Einige Einschränkungen müssen allerdings erwähnt werden. Ruhr ist keine Stadt, sondern ein sprachliches Kunstprodukt, das 53 Städte bezeichnen will. Diese ehemalige Industrielandschaft ist zudem keine politische, sondern eine Kulturhauptstadt, und zwar eine europäische. Den Titel teilt sie sich ein Jahr lang mit Pécs in Ungarn und Istanbul. Um auf all das aufmerksam zu machen, schreibt sich die künstliche Stadt neudeutsch mit großen Buchstaben und fügt einen Punkt und die entsprechende Jahreszahl hinzu: RUHR.2010.
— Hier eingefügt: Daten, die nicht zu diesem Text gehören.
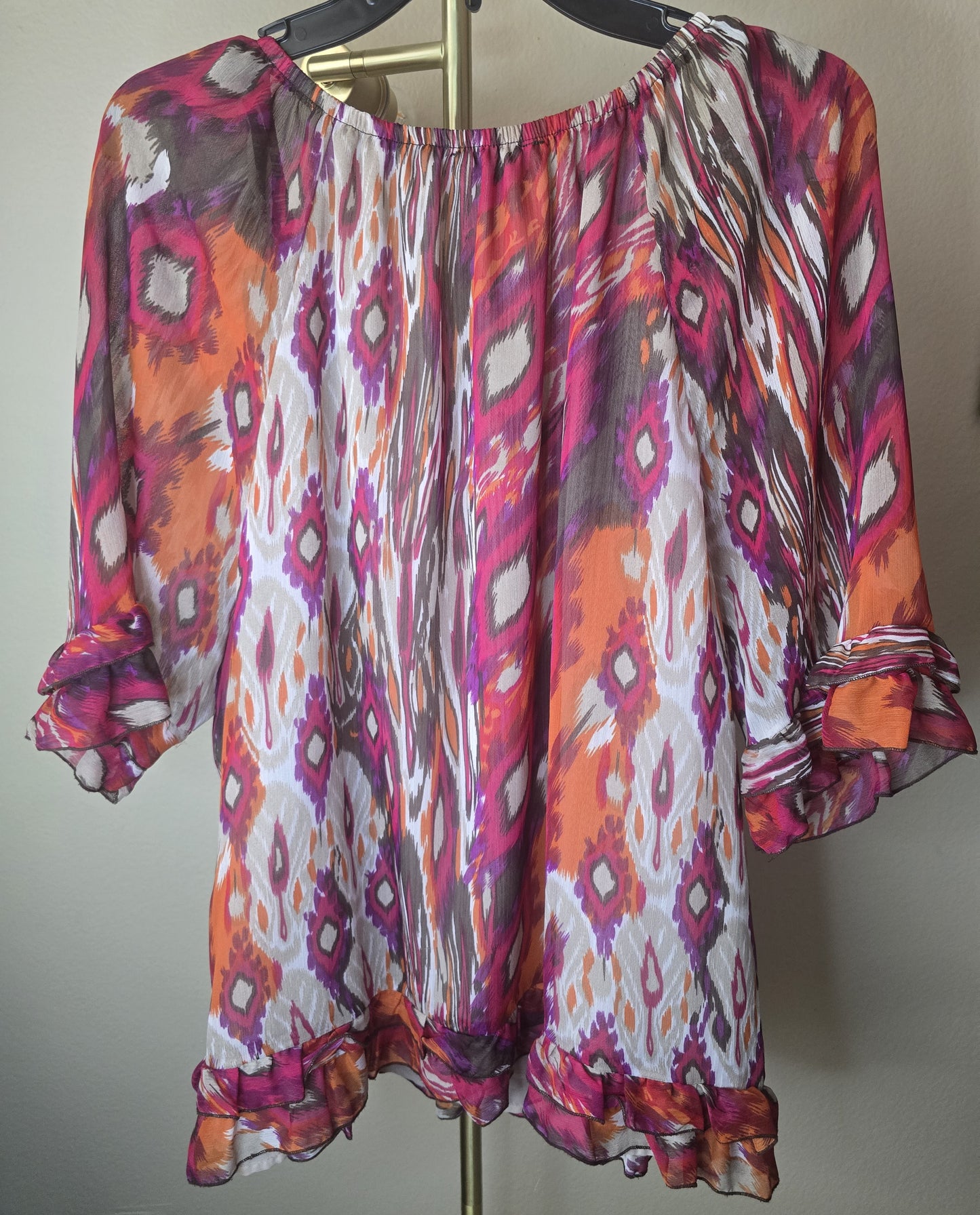 Pre-loved Elementz Multi-Color Floral Top - Twisted Knot Front Blouse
Begonnen hat die Geschichte vor über vier Jahren. In der Chefetage des WAZ-Konzerns, so erzählen sich Insider, grübelte man über auflagenstärkende Maßnahmen und kam auf die Idee. »Was für die Region gut ist, ist auch gut für uns«, konterte im Interview Stefan Zowislo von der WAZ-Mediengruppe die Frage nach der Urheberschaft der Bewerbung. Die traditionell guten Beziehungen zwischen dem Medienriesen und den Kommunalpolitikern ermöglichte eine rasche Umsetzung der Bewerbung. Andere Städte wie Bremen, Potsdam, Regensburg und Köln wollten zwar auch Kulturhauptstadt werden, konnten aber nicht überzeugen. Am 13. November 2006 wurde die Entscheidung der Jury in Essen gefeiert. Görlitz als einziger verbleibender Mitbewerber unterlag.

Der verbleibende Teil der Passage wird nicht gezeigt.